### About this exercise
Starting from the line that contains "Chanel AS3564 MAXI", reproduce each line exactly through the end of the material, and include no other lines.

====

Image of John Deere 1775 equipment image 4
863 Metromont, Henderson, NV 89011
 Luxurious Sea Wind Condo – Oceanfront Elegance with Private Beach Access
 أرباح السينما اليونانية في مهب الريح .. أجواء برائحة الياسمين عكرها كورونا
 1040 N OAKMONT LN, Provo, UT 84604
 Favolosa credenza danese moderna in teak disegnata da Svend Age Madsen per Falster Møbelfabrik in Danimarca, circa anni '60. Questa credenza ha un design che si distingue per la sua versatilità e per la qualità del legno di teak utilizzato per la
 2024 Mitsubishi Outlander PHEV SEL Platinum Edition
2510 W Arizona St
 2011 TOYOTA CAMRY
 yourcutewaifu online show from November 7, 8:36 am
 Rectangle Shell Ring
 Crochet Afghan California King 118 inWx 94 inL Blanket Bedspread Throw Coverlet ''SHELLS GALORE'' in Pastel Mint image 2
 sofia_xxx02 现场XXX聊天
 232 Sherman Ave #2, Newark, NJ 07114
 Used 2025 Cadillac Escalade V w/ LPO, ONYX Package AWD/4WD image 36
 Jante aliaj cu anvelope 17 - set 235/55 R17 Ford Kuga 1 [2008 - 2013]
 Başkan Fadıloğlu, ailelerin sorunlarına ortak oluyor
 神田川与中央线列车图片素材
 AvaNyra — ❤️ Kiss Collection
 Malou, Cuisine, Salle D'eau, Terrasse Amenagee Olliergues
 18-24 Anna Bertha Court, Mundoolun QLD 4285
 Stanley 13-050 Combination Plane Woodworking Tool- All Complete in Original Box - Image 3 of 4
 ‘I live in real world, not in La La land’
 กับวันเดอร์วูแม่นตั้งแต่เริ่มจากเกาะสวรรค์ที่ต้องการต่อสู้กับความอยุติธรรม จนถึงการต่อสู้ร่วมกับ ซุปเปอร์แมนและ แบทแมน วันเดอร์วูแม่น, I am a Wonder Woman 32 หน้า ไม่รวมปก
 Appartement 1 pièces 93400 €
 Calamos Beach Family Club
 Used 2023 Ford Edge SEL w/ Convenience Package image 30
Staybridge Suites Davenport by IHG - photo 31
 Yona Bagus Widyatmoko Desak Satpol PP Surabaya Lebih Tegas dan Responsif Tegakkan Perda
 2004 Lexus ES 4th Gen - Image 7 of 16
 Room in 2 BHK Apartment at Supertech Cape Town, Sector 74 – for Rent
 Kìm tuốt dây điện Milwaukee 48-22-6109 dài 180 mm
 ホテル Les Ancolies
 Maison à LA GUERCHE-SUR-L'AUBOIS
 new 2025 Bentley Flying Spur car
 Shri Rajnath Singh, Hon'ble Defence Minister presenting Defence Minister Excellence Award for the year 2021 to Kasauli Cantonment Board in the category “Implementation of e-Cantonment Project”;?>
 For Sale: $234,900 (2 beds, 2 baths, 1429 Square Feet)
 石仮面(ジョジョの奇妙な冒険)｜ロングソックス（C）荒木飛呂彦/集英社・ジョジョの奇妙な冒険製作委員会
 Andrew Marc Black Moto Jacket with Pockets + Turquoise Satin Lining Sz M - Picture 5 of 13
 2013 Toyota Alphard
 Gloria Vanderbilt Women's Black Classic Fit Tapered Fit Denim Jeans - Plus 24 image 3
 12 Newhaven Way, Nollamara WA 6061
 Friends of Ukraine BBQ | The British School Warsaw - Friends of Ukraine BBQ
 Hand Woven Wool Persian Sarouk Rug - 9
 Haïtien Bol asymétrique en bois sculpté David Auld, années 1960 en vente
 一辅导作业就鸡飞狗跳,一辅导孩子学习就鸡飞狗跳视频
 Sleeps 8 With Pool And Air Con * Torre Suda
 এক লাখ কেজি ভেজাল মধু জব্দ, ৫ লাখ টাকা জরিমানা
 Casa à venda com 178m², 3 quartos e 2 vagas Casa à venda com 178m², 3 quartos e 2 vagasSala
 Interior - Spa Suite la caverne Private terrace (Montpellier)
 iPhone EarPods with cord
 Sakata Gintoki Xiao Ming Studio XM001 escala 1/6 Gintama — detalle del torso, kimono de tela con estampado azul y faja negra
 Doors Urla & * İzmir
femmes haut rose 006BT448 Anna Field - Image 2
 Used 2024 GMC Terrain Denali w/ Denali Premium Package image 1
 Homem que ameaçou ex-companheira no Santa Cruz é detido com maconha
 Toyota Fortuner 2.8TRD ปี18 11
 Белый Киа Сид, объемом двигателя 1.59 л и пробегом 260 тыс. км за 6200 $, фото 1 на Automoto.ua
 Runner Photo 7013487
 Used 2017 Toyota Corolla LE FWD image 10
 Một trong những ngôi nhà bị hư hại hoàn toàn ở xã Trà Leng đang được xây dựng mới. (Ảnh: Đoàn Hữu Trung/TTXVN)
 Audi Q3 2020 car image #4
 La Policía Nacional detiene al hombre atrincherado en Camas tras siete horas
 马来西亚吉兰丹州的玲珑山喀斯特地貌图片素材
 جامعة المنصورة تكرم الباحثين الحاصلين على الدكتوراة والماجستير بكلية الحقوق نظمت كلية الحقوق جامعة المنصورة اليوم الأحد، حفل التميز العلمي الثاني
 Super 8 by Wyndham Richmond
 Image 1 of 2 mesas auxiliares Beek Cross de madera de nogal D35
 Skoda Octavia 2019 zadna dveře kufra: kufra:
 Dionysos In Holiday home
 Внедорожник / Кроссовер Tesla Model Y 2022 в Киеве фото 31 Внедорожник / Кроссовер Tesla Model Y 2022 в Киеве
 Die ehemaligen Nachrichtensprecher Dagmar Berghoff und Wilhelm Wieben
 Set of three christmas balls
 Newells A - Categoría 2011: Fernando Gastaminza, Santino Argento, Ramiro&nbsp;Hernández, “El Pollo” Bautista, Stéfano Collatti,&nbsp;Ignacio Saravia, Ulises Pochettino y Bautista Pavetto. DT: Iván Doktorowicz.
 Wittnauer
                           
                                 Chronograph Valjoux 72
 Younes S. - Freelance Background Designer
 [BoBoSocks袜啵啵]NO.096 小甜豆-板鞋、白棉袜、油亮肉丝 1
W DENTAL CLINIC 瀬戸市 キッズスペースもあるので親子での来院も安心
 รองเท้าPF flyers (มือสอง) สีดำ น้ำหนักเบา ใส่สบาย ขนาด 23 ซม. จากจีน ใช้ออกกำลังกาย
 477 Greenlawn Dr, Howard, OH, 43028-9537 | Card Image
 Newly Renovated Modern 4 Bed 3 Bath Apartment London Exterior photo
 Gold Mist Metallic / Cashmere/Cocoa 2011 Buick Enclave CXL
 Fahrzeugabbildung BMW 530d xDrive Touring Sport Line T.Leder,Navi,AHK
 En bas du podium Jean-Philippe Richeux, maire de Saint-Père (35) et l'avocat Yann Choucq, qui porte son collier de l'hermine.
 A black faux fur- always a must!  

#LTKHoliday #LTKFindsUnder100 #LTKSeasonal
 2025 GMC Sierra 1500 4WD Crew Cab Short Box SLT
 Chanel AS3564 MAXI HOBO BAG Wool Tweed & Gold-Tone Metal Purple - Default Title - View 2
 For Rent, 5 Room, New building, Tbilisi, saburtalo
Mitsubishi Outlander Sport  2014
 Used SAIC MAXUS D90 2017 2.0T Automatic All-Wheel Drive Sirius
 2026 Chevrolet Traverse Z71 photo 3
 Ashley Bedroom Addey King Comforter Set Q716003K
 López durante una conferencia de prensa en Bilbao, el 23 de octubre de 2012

====

### Response to this task
 Chanel AS3564 MAXI HOBO BAG Wool Tweed & Gold-Tone Metal Purple - Default Title - View 2
 For Rent, 5 Room, New building, Tbilisi, saburtalo
Mitsubishi Outlander Sport  2014
 Used SAIC MAXUS D90 2017 2.0T Automatic All-Wheel Drive Sirius
 2026 Chevrolet Traverse Z71 photo 3
 Ashley Bedroom Addey King Comforter Set Q716003K
 López durante una conferencia de prensa en Bilbao, el 23 de octubre de 2012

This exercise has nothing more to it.